In 1926, with the help of Sir Harry Brittain, the Village of Acton was given permission by the Municipal Borough of Acton in Middlesex, England to adopt a variant of the latter's coat of arms, substituting maple leaves for the oak leaves in the original. The municipal council continued to use it until 1974, when Acton amalgamated with the Town of Georgetown and most of the Township of Esquesing to form the Town of Halton Hills.

Leather industry

Tanning has been an important industry in Acton since 1842, when the first tannery was established by Abraham Nelles, as the area was attractive to the leather industry because of the large numbers of hemlock and spruce trees. These provided the tannin required for a firm, high quality leather of a reddish colour.

A number of subsequent owners operated the tannery business, before the Beardmore family purchased it in 1865, running it for over 50 years.  At one time, it was the largest tanner in Canada.

The Beardmores also opened tanneries in other parts of southern Ontario. From 1877 to 1922, they operated another large facility in Bracebridge, having been attracted by the area's large supply of hemlock. It closed due to the decline of American markets around 1920.

By 1889, their main tanneries in Acton were very large, with a combined floor space of almost . They also built a large brick warehouse that year beside the railway tracks. Hides arrived by rail and were taken for processing by horse-drawn wagons and then shipped by rail to customers.

In 1944, the tannery was sold to Canada Packers who ran it until its closure in 1986.

In March 1946, a breach in the tannery's filter dam lead to the release of  of waste water and debris, which flooded the village water supply and caused extensive property damage downstream as far as Limehouse and Stewarttown.

In 1980, three investors decided to transform the tannery's warehouse into the Old Hide House, a retail store with leather clothing, goods and furniture. From 1980 to 1993, the Old Hide House also housed a restaurant, Jack Tanner's Table. The business is famous for its commercial slogan that has been in use for decades, "It's worth the drive to Acton!"

The business was closed at times because of bankruptcy and other reasons, but is currently in operation, although the identity of the owners during parts of its history, and even now, has not been publicized.

Other speciality tanners and leather products manufacturers were also established in the town. These included Hewetson Shoe, Coronna Shoe, Superior Glove, Marzo Glove and Frank Heller and Co. In the early 20th century, Acton was the main urban community of Esquesing Township, much larger than nearby Georgetown, Ontario which now has four times the population.

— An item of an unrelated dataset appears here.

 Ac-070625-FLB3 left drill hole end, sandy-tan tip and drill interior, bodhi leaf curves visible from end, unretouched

Because of the extensive tanning industry that was located in the area during the 19th Century and early 20th Century, the area has earned the nickname of Leathertown.

Early transportation

Acton is located at the intersection of Highway 7 and Halton Regional Road 25. GO Transit provides bus and train service on its Kitchener corridor, with a stop at Acton GO Station.

The Grand Trunk brought train service to the area in 1856, and its station was located at Mill Street East and Eastern Avenue next to the Beardmore leather warehouse (now known as the Olde Hide House). Canadian National closed the train station in 1967, but the stop continued to serve both Via Rail and GO Trains until the 1990s.  GO Train service resumed on January 7, 2013.

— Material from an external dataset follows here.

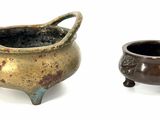 two pots sitting next to each other on a white surface
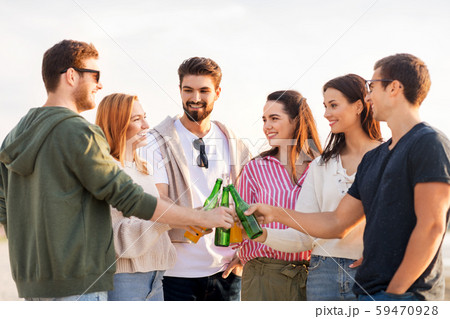 friends toasting non alcoholic drinks on beach 59470928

From 1917 to 1931, Acton was also served by the Toronto Suburban Railway, which early on entered into a notable dispute with the Beardmore tannery over a crossing with a Grand Trunk spur line in the town, that went all the way to the Supreme Court of Canada for resolution.

Actonite or Actonian
In older books and papers of the area, two demonyms have existed for residents of the area at the same time. Actonite was used to identify people who moved to the area, and Actonian referred to people who grew up there. The first designation now predominates, due to the influx of new residents in the 1960s, but older residents still remember it.

Geography
The town's location was chosen because of the good source of water power from the Black Creek, and the flour mill established at the beginning is still in operation today, although its source of power has changed. It is also near the watershed between the Credit River and the Grand River which is just west of the urban area, where the Blue Springs Creek begins. Acton also has Fairy Lake at Prospect Park, which is the fairgrounds for the Acton Fall Fair every September.

Demographics

Sports

Teams and clubs
 Halton Hills Minor Hockey (Halton Hills Thunder):  The 2013-2014 season was the inaugural season of the amalgamation of the Georgetown Minor Hockey Association (Georgetown Raiders) and The Acton Minor Hockey Association (AMHA) (Acton Tanners).  Before this amalgamation, Acton was an Ontario Minor Hockey Association (OMHA) BB centre.  The newly amalgamated association is an Ontario Minor Hockey Association (OMHA) AA-AE centre.
 Acton Chargers Select Hockey and House League
 Acton Curling Club
Acton Ladies Hockey (Eagles)
 Acton Minor Ball
 Acton Skating Club member of Skate Canada-Learn to Skate, Powerskate, Figure Skate
 Acton Villa Soccer Club. Youth and adult soccer, indoor and outdoor
 Acton Aqua Ducks Swim Club, established in 1987
 Halton Hills Minor Lacrosse Association

Government

No longer officially a town (since 1974), Acton is part of the Town of Halton Hills which is divided into four wards, each with two elected Councillors. Two others are Regional Councillors, each representing two wards on Halton Hills Council, and also serve on the Halton Region Council as does the mayor.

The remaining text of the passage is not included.